InstagramKöşe Yazarlarımız

Emziğini Verin Sussun!






Bazı insanlar tarih yazar, bazılarıysa kameralar önünde ağlar.

Ve bu topraklarda ne yazık ki ağlayanlar daha çok yer bulur ekranlarda, manşetlerde, devlet dairelerinde…

Son perdeyi da beraber izledik,

Adı: “Ben o gün ağladım”

Başrol: Cumhurbaşkanı değil, kukla başı.

Gözyaşları ise Financial Times mıydı yoksa New YorkTimes mıydı belli olmayan bir hatıra üzerine dökülüyor.

Sahne: Bir belgesel.

Zamanlama: Seçim arifesi.

Mizansen: 10 numara.

1983’te İngiltere’deymiş beyefendi.

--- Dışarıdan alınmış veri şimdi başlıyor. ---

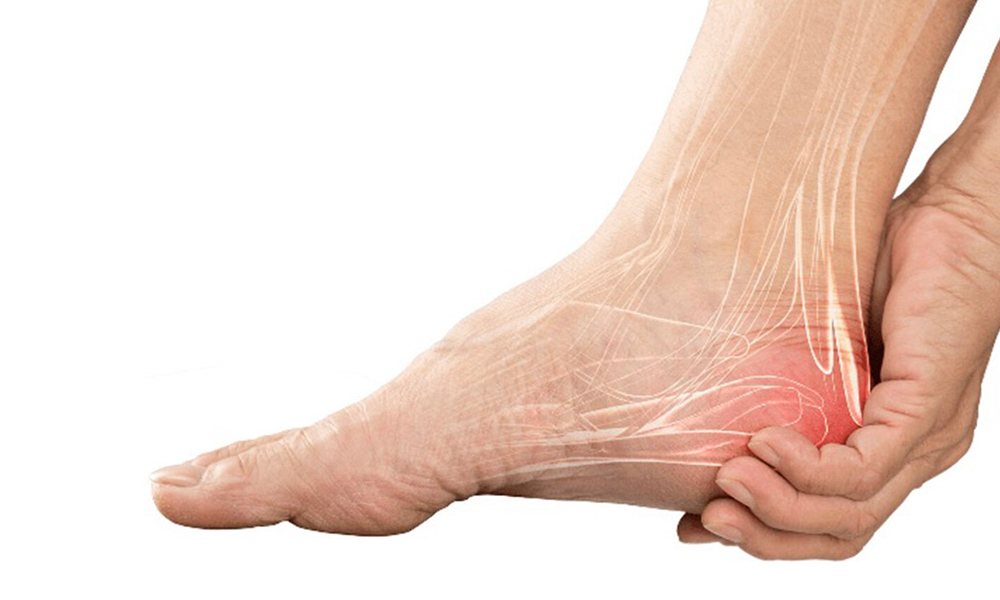 Heel Pain
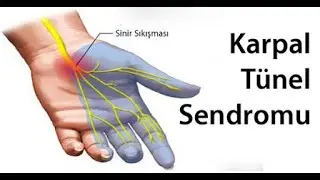 Bilekte Sinir Sıkışması, Karpal Tünel Sendromu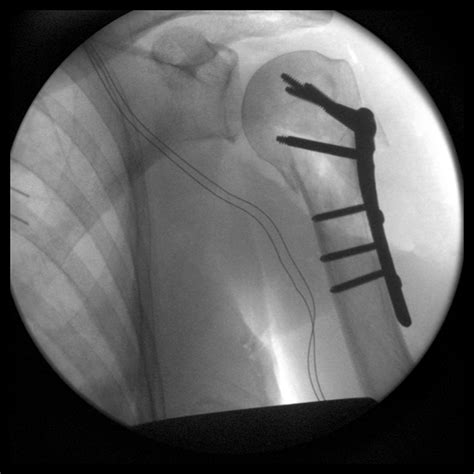 Proximal Humerus Fractures Artofit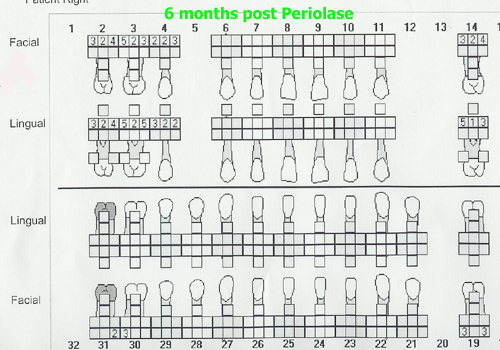 6mthpostperiolase.jpg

Sabah işe giderken trende, gazetede “Kıbrıslı Türkler bağımsızlığını ilan etti” yazısını görmüş.

Gözyaşlarını tutamamış. Bugün hâlâ aynı cümleyi kurarken titriyormuş sesi.

Oysa New York Times arşivi yalanlıyor bu romantik destanı: “Dünya liderleri yeni Kıbrıs devletini reddetmekte birleşti” diyor o manşet.

Yani Tatar‘ın, tam bağımsız bir devletin kuruluşuna ağlamamış. Belki de reddedilişimize ağlamıştı, bilemeyiz.
Kendisi de sonradan toparlamaya çalıştı: “Yok yok, Financial Times’tı aslında

Ne fark eder ki? Gazetenin adı değişse ne olur, zihniyet değişmiyor.

Tatar’ın gözyaşlarının tuzu yok. Çünkü bu halkın gözyaşları o kadar yoğun ki, o ağlayışta sadece sahne var, gerçeklik yok.

Biz gerçek gözyaşlarını, ay sonunu getiremeyen gençlerin cebinde, güneyde çalışmak zorunda kalan işçilerin alnında, öğretmenlerin greve çıktığı günlerdeki suskunlukta, oksijen tüpüne bağımlı sağlık sistemimizde gördük.

Ama onların ağlaması için kamera yok.

O gözyaşları reyting yapmıyor. Çünkü onların hikâyesinde reklam verilecek bir marka yok, sadece sefalet var.

Çaresizlik var, bu çirkef düzende sizin şaşalı hayatlarınızın gölgesinde kahrolmak var.

Ve tabii ki kayyum yalnızca geçmişe ağlamıyor. Bugün ağladığını söylediği devletin bugünkü haline hiç mi üzülmüyor acaba?

Memleketin her tarafı TC’den gelen emirlerle yönetilirken, atanmışlar seçilmişlerin üstüne çıkmışken, üniversiteler para aklama merkezi haline gelmişken, bir zamanlar “bağımsızlık” diye ağladığı o devlet, şu anda fiilen bir vilayete dönüşmüşken…

Neden tek bir damla düşmüyor gözlerinden?

Ama anladık ki mesele ağlamak değil, ağlıyormuş gibi yapıp o sahneyi oynayabilmek. Seçim geliyor ya, belki “halk adamı” pozuna puan yazılır diye. Belgeselciliğin suyu çıktı.

Hatıralar, nostalji sosuna bulanmış manipülasyonlara dönüştü. “O anı hatırladım, yine ağlayabilirim” diyene soralım: Bugün bu halkı her gün ağlatan kararlarını da hatırlıyor musun kayyum efendi?

Yalnız Tatar’a bir not bırakmadan yazımı sonlandırmaycam: Gözyaşı candan gelir. Samimiyetsizliğin kokusu gözyaşının tuzunu bastırır.

Bu toplum artık gözlerin dolmasına değil, başın dik durmasına ihtiyaç duyuyor. Ama sen hep eğik yaşadın. Eğik baktın. Eğik ağladın.

Bu da tarihe böyle geçsin.

Emeği geçen tüm yapım ekibine teşekkürler, Oscar yolunda başarılar.